In the clearing out process, though, I’ve reclaimed a spot for my papers and my fantastic stationary collection. Because I don’t have a study or even a desk, this spot, let’s hope, will allow the important stuff to have a safe place to live and take some pressure off the kitchen counter where I work. I’ve tried to get my “office” down to a bin’s worth. It doesn’t quite work. I’ve taken over a short shelf for books upstairs that I’ve used recently or am about to read. It’s not ideal, surely, but my little cubby spot, built by my dear friend (and Remy’s godfather), extraordinary carpenter Ted Giles (he needs a website, leave a comment if you want to reach him) is going to take it for the team. It’s not a workspace because the desk is more desklet than actual desk; you can’t fit a computer or a full piece of paper there, but a postcard, sure. I feel like it’s a modern day version of what I’d call a grandmother’s desk, a small, somewhat secretive, pretty treasure trove. My grandmother’s desk wasn’t that, but her sewing desk was. But many grandmothers’ desks were that.

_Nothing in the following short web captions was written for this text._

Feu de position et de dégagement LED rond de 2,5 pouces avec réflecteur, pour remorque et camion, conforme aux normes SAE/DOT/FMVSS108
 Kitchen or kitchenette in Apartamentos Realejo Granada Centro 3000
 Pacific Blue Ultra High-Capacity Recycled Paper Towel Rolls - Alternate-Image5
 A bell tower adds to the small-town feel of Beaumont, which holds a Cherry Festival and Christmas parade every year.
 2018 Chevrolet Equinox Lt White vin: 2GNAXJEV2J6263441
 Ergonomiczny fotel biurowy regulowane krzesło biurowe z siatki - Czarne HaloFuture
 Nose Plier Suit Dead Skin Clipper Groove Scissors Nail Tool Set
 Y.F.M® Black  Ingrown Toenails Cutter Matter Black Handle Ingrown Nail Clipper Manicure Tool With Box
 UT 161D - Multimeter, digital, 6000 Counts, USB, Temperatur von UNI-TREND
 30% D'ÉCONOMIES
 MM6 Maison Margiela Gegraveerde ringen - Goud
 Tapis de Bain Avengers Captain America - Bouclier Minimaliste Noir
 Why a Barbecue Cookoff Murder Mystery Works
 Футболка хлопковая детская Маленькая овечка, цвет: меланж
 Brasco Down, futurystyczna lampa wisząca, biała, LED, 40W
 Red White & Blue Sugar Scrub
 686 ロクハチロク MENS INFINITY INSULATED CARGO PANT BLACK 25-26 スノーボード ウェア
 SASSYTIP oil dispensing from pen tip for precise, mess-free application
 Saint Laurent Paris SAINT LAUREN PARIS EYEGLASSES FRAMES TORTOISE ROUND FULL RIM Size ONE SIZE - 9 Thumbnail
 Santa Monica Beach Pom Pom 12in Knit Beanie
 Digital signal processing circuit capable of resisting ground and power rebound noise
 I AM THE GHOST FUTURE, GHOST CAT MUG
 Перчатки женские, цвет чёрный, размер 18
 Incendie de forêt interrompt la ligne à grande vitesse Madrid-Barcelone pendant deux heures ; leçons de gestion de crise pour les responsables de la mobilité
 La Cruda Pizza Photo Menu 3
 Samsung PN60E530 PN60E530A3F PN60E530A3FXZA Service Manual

I do feel inspired when I open the doors and glimpse my tiny world within my world not completely cluttered. Is it any surprise, having been sharing my bed for a couple of nights with the little girl when she got sick (and of course, then wanted to stay) and even one night the third grade boy, too that he, lover of small, cool, neat things has decided my cubby is the perfect spot for homework?